WHAT THE TASK ASKS:
What this exercise requires is a verbatim reproduction of the data below.

DATA:

* * * * * * * * *

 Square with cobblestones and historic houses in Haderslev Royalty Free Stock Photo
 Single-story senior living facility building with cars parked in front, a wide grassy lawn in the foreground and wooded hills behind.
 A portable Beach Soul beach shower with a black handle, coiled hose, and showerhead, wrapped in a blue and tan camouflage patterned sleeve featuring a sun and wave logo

* * * * * * * * *

RESPONSE TO THE EXERCISE:
 Square with cobblestones and historic houses in Haderslev Royalty Free Stock Photo
 Single-story senior living facility building with cars parked in front, a wide grassy lawn in the foreground and wooded hills behind.
 A portable Beach Soul beach shower with a black handle, coiled hose, and showerhead, wrapped in a blue and tan camouflage patterned sleeve featuring a sun and wave logo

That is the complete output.